Di altrettanta complessità può risultare anche la raccolta dei dati necessari per formulare una anamnesi corretta: spesso infatti i bambini stranieri sono migranti senza genitori. In Italia, secondo l’Alto Commissariato per i Rifugiati delle Nazioni Unite sono infatti 147 mila, cifra che ci vede quarti dopo Germania, Francia e Svezia; inoltre, solo nel 2017 sono state esaminate circa 81.500 domande di richiesta di asilo. Per cui spesso risulta impossibile risalire ai dati più semplici come età, scolarità, patologie pregresse e familiari.

Diventa indispensabile, quindi, riadattare e rimodulare gli strumenti valutativi e riabilitativi sulla diversa lingua e sulla diversa cultura dei piccoli, vista anche la variabilità del concetto di riabilitazione che in alcune culture coincide quasi con un aspetto “magico” di guarigione. Su questo argomento, straordinariamente complesso ed attuale, è stato presentato un lavoro specifico proprio al congresso di Palermo.

«Considerando i numeri allarmanti e tutte le problematiche connesse» spiega la presidente Federazione dei Logopedisti Italiani (FLI) Tiziana Rossetto «L’approccio multiculturale e multiprofessionale diventa quindi la sola chiave di ingresso possibile per entrare in contatto, con rispetto, con la vita di questi bambini e conoscerne la storia, fatta di una propria cultura, lingua, credo religioso. Questo stesso approccio prevede infatti l’incontro, in una relazione di aiuto, tra due o più persone con background culturale ed etnie differenti e richiede la capacità di assumere competenze e abilità di aiuto multiculturali che devono integrare e supportare le proprie conoscenze e capacità».

«Generalmente occorrono 2 anni di permanenza in un Paese per raggiungere una buona capacità conversazionale – precisa la dottoressa Rossetto – ma se dopo 6 mesi di permanenza in Italia il bambino non è per niente in grado di esprimersi in italiano, è necessario un approfondimento.
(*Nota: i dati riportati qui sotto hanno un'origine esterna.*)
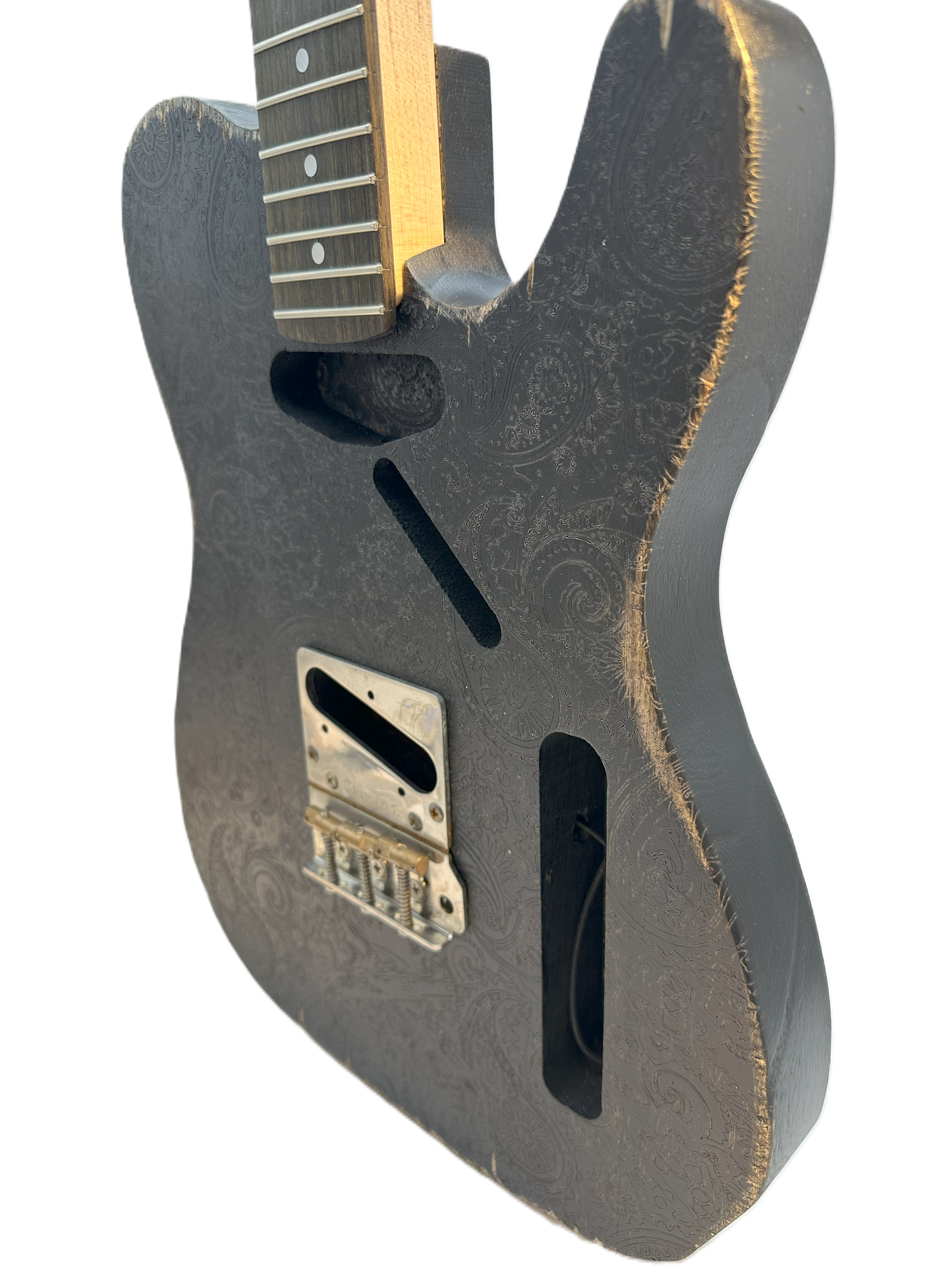 SuperVee Maverick™ Bridge with Satin Black Pattern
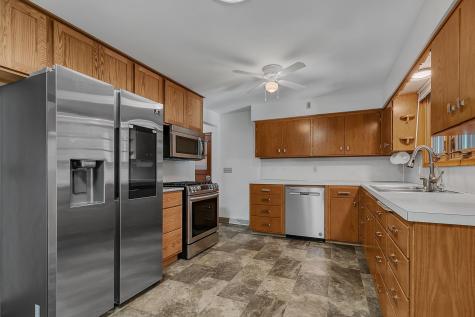 615 5th Avenue SW Hutchinson MN 55350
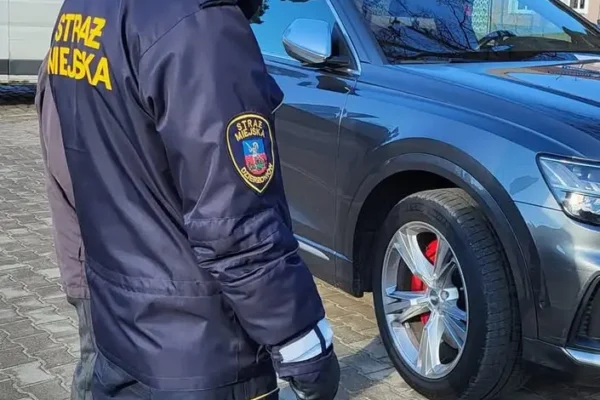 Straż Miejska i Policja uczą bezpieczeństwa w Szkole Podstawowej nr 3 w Dzierżoniowie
Bisogna partire prestando attenzione innanzitutto a come il bambino parla nella sua lingua madre; per questo bisogna parlare con i genitori ed eventualmente coinvolgere anche interpreti che possano confermare o smentire le difficoltà. In caso affermativo, è di fondamentale importanza intervenire tempestivamente con un logopedista che faccia un’attenta valutazione della situazione».